Of course, the “war on terror,” or “The Long War” as some administration officials refer to it, was never really about bin Laden or al Qaeda, and in hindsight it seems clear that the Bush administration would have led us into this war even if 9/11 had never happened. Knowing what we know from the record, it is not paranoid to assume that President Bush was determined to invade Iraq one way or the other — the specter of bin Laden only made it a tad easier. And there is no doubt that it is our occupation of Iraq that now serves as the number one recruiting tool for anti-American, Islamic extremists.
Oh, I know that statements like that will attract the usual vitriolic attacks accusing liberals like me of being soft on terror, of being appeasers and self-blamers, of caring more about the terrorists than their innocent victims… blah, blah, blah, blah, blah. Assholes.
But facts are facts. We now know through official documents and interviews with administration officials that Bush was looking for an excuse to invade Iraq from the moment he assumed office, and days after the 9/11 attack he had to be talked off of Iraq and onto Afghanistan as the first battlefield in his war.

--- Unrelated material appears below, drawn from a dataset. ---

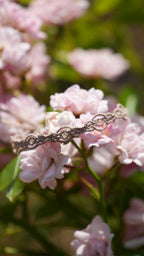 Bracelet elfique discret en coton beige – Coton et Astrance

And what has been intuitively obvious to all but the most partisan observers — that replacing Saddam Hussein with a foreign occupation and a bloody civil war is creating a generation or more of anti-American extremists — has now been confirmed by our own intelligence agencies.
A stark assessment of terrorism trends by American intelligence agencies has found that the American invasion and occupation of Iraq has helped spawn a new generation of Islamic radicalism and that the overall terrorist threat has grown since the Sept. 11 attacks.
[…]
An opening section of the report, “Indicators of the Spread of the Global Jihadist Movement,” cites the Iraq war as a reason for the diffusion of jihad ideology.
The report “says that the Iraq war has made the overall terrorism problem worse,” said one American intelligence official.
Republicans use the war on terror to vilify Democrats, to accuse us of being weak on defense and homeland security… but even its own intelligence agencies now admit that the administration’s policies have made us less safe, not more. And yet the Bush administration and the Republican leadership in Congress hold steadfast to their failed policies.
When our state’s editorial boards consider their endorsements in the Senate and House races it would be irresponsible of them not to take into consideration the stark assessment of our nation’s intelligence agencies, and weigh heavily the fact that a vote for a Republican — any Republican — is a vote for policies that endanger all Americans. Only a change of leadership will change our nation’s course, and without a change of course it’s going to be a long war indeed.